##### Given records

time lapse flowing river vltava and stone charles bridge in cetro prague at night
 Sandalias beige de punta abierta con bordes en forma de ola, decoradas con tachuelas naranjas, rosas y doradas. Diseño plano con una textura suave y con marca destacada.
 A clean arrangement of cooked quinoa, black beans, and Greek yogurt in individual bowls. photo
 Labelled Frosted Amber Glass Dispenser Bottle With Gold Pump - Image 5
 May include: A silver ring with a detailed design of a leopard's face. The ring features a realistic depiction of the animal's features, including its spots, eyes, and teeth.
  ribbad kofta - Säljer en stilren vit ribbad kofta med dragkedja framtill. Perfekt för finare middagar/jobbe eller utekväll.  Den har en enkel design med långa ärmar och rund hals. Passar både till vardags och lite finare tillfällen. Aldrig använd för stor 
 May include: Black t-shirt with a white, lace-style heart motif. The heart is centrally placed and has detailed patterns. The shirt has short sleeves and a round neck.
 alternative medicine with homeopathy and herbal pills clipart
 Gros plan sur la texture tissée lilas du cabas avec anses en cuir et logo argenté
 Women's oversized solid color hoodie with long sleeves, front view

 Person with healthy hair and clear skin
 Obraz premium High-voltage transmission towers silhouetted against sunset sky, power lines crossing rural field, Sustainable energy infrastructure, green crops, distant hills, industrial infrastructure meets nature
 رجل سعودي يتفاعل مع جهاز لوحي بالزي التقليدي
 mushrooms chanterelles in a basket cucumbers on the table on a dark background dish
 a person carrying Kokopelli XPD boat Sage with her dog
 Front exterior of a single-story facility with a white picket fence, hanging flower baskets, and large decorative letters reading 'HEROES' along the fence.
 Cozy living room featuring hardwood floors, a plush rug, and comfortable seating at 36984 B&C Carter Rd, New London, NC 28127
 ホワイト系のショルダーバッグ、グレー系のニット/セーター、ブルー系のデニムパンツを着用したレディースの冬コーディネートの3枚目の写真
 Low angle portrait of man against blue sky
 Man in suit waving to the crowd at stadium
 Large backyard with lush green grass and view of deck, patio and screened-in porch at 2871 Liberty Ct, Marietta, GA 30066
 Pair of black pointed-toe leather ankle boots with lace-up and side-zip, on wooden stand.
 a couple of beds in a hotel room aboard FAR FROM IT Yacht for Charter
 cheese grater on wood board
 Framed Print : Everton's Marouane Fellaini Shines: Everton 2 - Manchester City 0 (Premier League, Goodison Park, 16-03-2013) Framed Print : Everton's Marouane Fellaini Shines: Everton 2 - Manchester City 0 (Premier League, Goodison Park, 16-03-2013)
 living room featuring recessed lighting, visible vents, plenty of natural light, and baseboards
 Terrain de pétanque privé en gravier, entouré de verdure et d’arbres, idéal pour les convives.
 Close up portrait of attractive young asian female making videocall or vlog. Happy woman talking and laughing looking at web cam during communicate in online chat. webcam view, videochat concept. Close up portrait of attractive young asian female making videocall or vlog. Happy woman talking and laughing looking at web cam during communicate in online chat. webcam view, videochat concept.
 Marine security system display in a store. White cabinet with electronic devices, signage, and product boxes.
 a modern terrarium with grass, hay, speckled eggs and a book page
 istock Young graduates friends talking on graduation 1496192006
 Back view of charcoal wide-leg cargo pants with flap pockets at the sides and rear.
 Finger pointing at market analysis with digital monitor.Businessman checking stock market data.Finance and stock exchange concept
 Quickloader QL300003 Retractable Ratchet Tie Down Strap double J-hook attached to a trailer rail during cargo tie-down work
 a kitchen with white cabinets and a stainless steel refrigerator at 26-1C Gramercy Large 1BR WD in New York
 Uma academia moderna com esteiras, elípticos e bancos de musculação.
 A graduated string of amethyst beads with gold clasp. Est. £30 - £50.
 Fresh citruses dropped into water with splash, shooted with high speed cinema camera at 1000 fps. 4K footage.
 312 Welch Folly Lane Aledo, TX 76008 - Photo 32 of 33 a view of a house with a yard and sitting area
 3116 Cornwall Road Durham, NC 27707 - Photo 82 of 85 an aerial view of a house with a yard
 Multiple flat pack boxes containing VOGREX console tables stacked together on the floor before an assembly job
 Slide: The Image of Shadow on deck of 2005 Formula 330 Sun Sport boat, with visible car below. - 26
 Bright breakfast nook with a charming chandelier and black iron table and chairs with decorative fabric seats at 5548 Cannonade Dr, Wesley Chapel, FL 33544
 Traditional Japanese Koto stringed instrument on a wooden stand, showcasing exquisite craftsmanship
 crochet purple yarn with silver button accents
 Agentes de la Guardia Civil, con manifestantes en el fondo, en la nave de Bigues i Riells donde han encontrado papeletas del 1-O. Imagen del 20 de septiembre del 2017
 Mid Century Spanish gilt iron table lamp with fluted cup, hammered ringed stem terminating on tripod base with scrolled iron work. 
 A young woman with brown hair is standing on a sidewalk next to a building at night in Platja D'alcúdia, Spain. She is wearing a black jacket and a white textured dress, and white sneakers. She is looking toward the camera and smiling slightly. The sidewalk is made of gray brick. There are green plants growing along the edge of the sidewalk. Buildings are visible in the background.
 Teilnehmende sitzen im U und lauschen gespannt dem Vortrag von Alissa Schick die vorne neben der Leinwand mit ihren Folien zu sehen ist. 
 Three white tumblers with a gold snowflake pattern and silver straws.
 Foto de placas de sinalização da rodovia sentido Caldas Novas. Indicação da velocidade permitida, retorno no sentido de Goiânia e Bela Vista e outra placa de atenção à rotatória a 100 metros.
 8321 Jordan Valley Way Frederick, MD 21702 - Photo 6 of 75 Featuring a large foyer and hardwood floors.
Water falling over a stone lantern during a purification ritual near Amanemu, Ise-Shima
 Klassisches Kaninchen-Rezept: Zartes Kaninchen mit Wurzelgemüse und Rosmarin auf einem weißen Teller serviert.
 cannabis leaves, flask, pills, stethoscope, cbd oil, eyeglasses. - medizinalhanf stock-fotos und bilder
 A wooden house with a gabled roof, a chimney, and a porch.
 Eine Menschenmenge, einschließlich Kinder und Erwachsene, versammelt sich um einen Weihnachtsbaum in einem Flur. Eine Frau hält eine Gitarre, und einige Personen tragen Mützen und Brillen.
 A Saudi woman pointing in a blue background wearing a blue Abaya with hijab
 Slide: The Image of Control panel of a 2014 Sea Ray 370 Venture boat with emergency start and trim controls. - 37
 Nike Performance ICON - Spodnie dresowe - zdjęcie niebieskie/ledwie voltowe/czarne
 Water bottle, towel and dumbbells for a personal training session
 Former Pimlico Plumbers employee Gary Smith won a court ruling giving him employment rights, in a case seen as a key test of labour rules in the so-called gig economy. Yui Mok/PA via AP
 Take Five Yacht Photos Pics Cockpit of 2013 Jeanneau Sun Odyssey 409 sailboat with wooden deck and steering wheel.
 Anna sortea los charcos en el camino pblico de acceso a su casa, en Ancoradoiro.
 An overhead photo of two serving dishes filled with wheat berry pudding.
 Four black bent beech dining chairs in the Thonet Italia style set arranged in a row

##########

Problem >> Every line above that has the string "porch" needs to be copied.

Response to the task >>
 Large backyard with lush green grass and view of deck, patio and screened-in porch at 2871 Liberty Ct, Marietta, GA 30066
 A wooden house with a gabled roof, a chimney, and a porch.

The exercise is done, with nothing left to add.